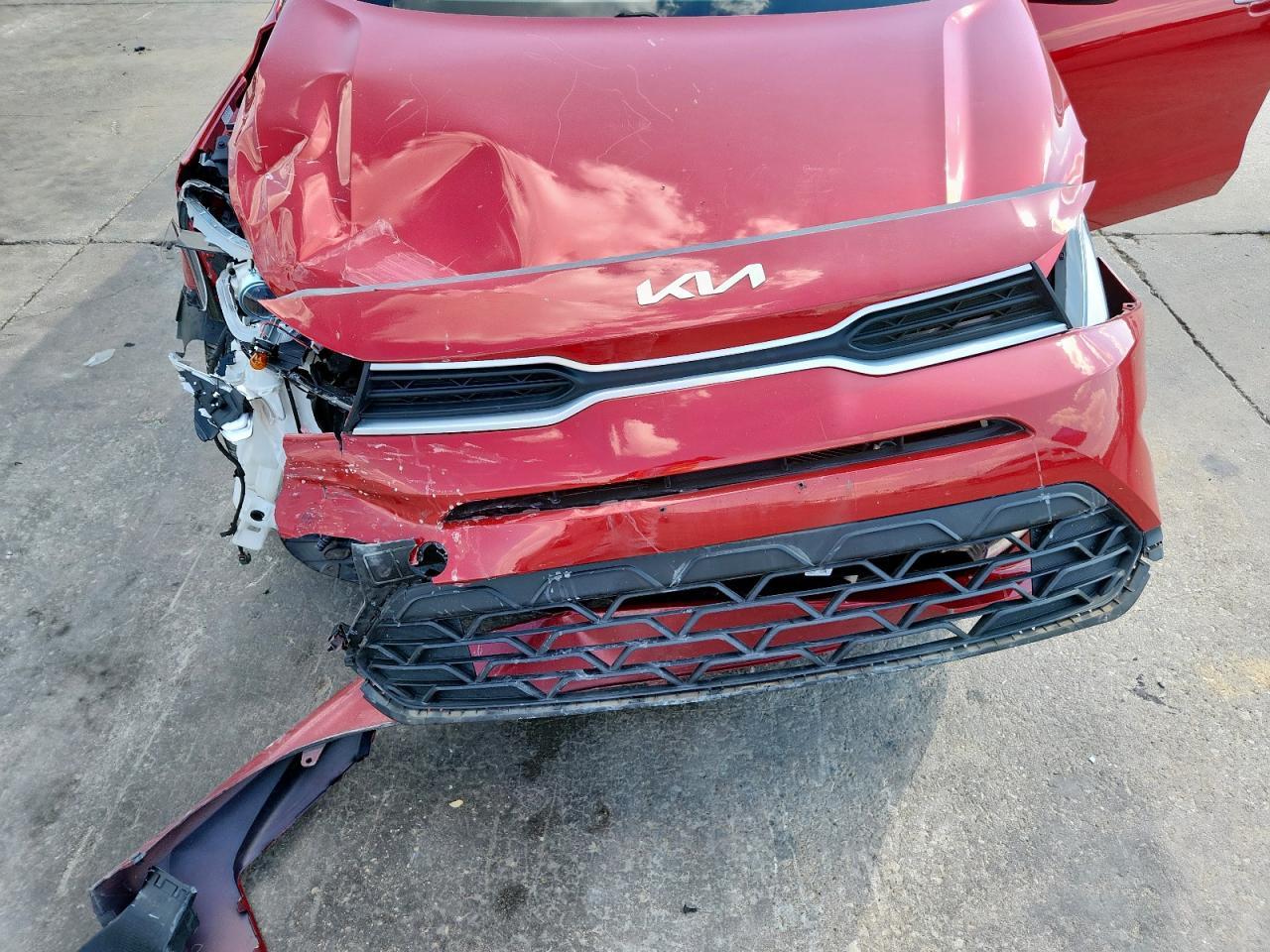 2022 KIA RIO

___

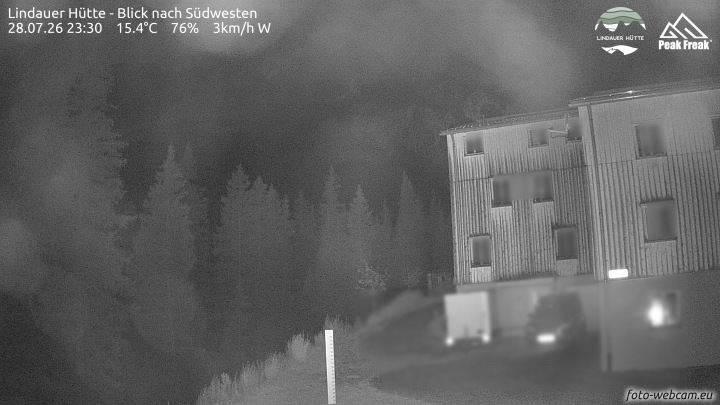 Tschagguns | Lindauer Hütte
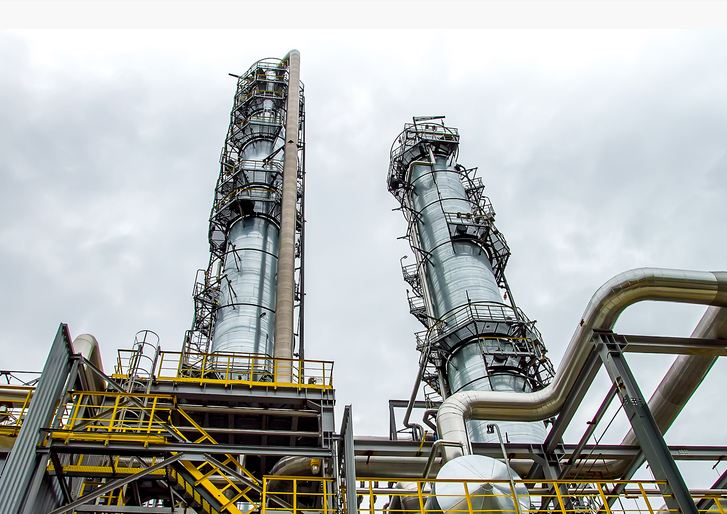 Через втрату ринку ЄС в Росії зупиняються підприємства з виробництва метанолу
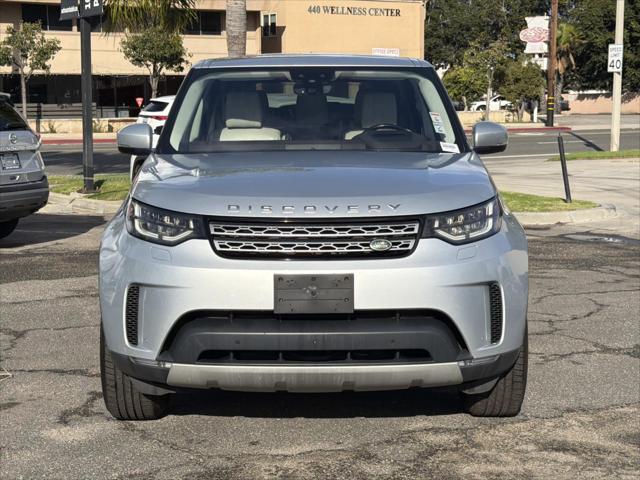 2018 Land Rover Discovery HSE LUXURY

___

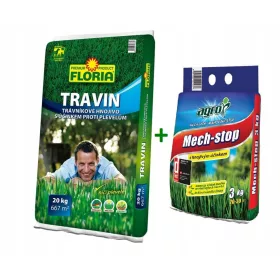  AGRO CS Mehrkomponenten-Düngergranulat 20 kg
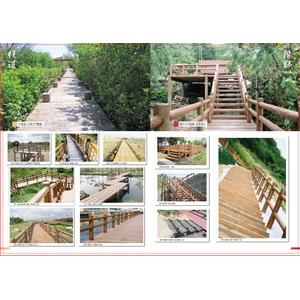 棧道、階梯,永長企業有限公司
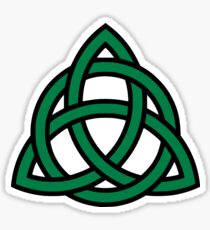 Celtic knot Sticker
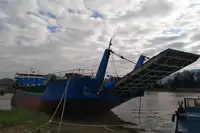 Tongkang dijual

___

What the exercise asks: Look through the material above. Transcribe exactly the lines between the ones with "棧道、階梯,永長企業有限公司" and "Tongkang dijual", inclusive, and keep pictures out.

Output for this exercise:
 棧道、階梯,永長企業有限公司
 Celtic knot Sticker
 Tongkang dijual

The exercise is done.